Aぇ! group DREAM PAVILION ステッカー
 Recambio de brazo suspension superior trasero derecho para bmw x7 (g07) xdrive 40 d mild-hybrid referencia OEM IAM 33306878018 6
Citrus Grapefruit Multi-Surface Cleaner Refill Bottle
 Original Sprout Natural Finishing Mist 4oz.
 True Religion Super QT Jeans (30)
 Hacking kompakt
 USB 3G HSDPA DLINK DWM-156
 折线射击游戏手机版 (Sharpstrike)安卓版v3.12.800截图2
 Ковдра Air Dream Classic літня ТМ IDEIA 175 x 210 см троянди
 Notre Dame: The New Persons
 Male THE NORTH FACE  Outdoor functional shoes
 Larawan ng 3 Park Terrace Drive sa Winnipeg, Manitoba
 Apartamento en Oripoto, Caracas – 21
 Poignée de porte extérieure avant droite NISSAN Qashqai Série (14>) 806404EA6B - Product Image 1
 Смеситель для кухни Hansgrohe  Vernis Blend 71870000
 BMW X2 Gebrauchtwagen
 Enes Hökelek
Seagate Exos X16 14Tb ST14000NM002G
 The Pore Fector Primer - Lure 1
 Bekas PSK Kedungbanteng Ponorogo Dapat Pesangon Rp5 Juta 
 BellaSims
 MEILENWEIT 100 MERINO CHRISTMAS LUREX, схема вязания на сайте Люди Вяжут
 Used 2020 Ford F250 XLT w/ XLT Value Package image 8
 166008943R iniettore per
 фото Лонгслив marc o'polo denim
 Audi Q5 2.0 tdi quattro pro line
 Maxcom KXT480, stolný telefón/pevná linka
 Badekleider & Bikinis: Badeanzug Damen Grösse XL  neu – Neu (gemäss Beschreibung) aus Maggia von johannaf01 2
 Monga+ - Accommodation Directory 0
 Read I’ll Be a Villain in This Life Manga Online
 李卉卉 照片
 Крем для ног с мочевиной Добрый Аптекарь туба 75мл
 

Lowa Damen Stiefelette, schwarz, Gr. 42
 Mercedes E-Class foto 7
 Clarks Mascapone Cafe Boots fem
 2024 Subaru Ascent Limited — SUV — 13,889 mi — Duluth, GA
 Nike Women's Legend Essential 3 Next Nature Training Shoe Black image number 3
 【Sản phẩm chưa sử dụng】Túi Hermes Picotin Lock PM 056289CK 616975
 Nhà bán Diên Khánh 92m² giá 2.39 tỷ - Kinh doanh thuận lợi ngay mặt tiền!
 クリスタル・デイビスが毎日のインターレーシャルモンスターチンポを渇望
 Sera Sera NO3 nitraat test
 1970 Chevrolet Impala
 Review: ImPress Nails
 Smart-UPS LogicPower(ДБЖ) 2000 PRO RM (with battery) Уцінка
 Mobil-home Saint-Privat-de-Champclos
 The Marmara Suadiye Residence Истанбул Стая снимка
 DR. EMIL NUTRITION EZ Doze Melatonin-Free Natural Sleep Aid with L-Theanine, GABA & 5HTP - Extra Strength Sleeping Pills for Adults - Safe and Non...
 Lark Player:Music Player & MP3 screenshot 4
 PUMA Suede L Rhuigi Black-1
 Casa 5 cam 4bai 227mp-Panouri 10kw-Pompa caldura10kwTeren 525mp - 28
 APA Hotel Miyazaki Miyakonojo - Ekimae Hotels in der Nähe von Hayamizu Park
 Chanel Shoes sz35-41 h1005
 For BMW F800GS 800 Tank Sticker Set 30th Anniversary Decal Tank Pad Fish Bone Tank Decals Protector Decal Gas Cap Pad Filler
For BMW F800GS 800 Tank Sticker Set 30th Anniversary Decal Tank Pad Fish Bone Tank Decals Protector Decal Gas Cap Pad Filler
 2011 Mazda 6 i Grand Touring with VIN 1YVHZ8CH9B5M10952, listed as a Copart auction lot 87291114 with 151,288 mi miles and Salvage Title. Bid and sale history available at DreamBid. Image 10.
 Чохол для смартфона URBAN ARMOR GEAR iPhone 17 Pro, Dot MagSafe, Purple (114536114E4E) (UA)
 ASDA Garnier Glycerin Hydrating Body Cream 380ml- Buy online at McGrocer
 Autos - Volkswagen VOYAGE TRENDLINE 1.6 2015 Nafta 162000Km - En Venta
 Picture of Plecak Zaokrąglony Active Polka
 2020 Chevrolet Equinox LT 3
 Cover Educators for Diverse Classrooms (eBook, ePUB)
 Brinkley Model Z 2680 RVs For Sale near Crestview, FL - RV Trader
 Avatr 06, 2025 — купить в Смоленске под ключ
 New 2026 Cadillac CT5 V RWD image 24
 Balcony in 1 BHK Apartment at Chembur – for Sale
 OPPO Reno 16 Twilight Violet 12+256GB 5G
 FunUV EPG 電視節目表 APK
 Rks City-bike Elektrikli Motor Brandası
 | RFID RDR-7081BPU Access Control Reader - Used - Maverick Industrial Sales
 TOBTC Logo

- _EXERCISE INSTRUCTIONS_
Return, with no change at all, every line in the entries above from the line containing "Larawan ng 3" through the line containing "Nhà bán Diên".

- _ANSWER BOX_
 Larawan ng 3 Park Terrace Drive sa Winnipeg, Manitoba
 Apartamento en Oripoto, Caracas – 21
 Poignée de porte extérieure avant droite NISSAN Qashqai Série (14>) 806404EA6B - Product Image 1
 Смеситель для кухни Hansgrohe  Vernis Blend 71870000
 BMW X2 Gebrauchtwagen
 Enes Hökelek
Seagate Exos X16 14Tb ST14000NM002G
 The Pore Fector Primer - Lure 1
 Bekas PSK Kedungbanteng Ponorogo Dapat Pesangon Rp5 Juta 
 BellaSims
 MEILENWEIT 100 MERINO CHRISTMAS LUREX, схема вязания на сайте Люди Вяжут
 Used 2020 Ford F250 XLT w/ XLT Value Package image 8
 166008943R iniettore per
 фото Лонгслив marc o'polo denim
 Audi Q5 2.0 tdi quattro pro line
 Maxcom KXT480, stolný telefón/pevná linka
 Badekleider & Bikinis: Badeanzug Damen Grösse XL  neu – Neu (gemäss Beschreibung) aus Maggia von johannaf01 2
 Monga+ - Accommodation Directory 0
 Read I’ll Be a Villain in This Life Manga Online
 李卉卉 照片
 Крем для ног с мочевиной Добрый Аптекарь туба 75мл
 

Lowa Damen Stiefelette, schwarz, Gr. 42
 Mercedes E-Class foto 7
 Clarks Mascapone Cafe Boots fem
 2024 Subaru Ascent Limited — SUV — 13,889 mi — Duluth, GA
 Nike Women's Legend Essential 3 Next Nature Training Shoe Black image number 3
 【Sản phẩm chưa sử dụng】Túi Hermes Picotin Lock PM 056289CK 616975
 Nhà bán Diên Khánh 92m² giá 2.39 tỷ - Kinh doanh thuận lợi ngay mặt tiền!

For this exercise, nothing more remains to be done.